Bill C-58: Senate improves access to information for Canadians
The Government accepted 16 Senate amendments to the legislation.
Bill C-58 was crafted to increase openness and transparency with major updates to the Access to Information Act and the Privacy Act. Among other changes, it legislated the proactive disclosure of information from government departments and agencies, the Prime Minister’s Office and Ministers’ offices, and institutions that support Parliament, MPs and Senators. It also strengthened the role of the Information Commissioner, and ensures the access-to-information regime will be subject to greater review in future. It’s the first major update to the Access to Information Act since it came into force in 1983.
The Senate’s Role
Senators proposed many significant amendments to the legislation during an in-depth study at the Standing Senate Committee on Legal and Constitutional Affairs. One change reduced barriers for Indigenous People to access information – sometimes decades old – in relation to claims seeking justice for past wrongs. Another change required judges to proactively publish their expenses in aggregate form. Senator Pierrette Ringuette, who sponsored Bill C-58 in the Senate, thanked the committee for its “thoughtful consideration” of the legislation. “The work that committees do is meaningful and valuable. They are places where, together, senators can contribute to good public policy and really make a difference in the lives of Canadians,” she said during her third reading speech.

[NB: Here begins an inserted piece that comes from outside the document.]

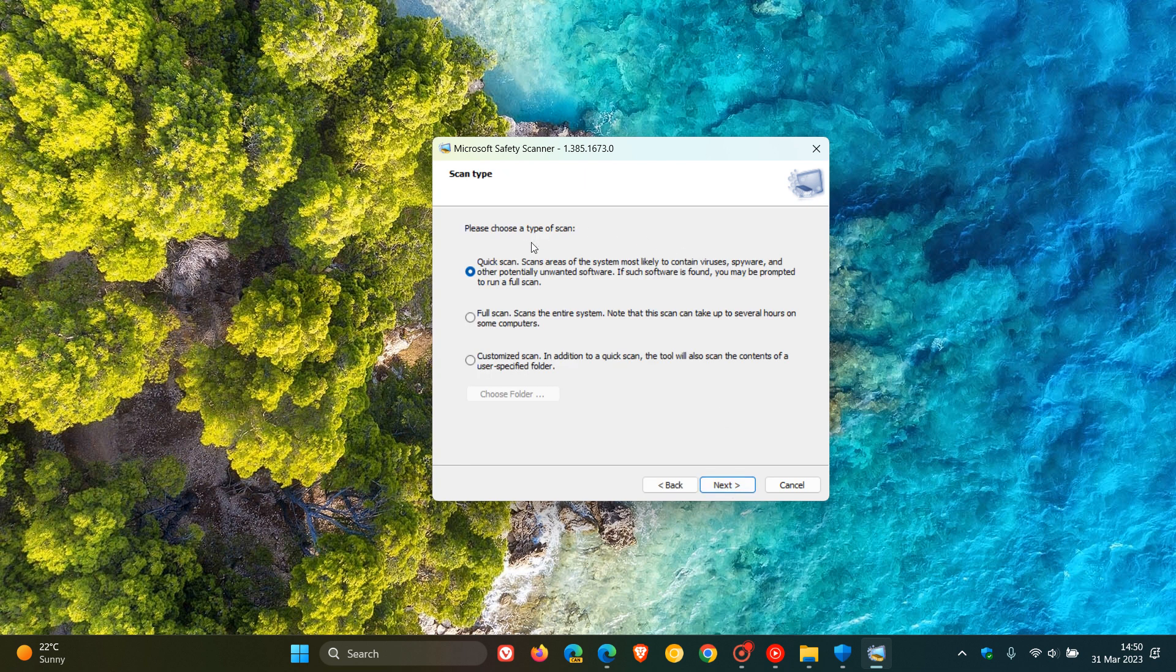And then you click on Next. And here you get three options. A quick scan, a full scan, and then you can customize your scan. And obviously, depending on the option you do choose, the time period taken for the scan will vary. And that also depends on your hardware and what you have installed on your system. And then once you've selected your different option, be that quick scan, full scan, or customized scan, you click on Next.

The Government accepted 16 Senate amendments to Bill C-58, including those related to Indigenous People and judges. Further, the Government accepted amendments that:
- Eliminated the Government’s authority to set and collect fees, apart from the $5 application fee;
- Retained Info Source, a tool that allows Canadians to better understand what information is being collected by Government;
- Limited the Government’s power to ask the Information Commissioner to refuse requests to cases that are vexatious, made in bad faith or constitute an abuse that would backlog the system; and
- Strengthening requirements for the review of the legislation, which must begin one year after it receives Royal Assent.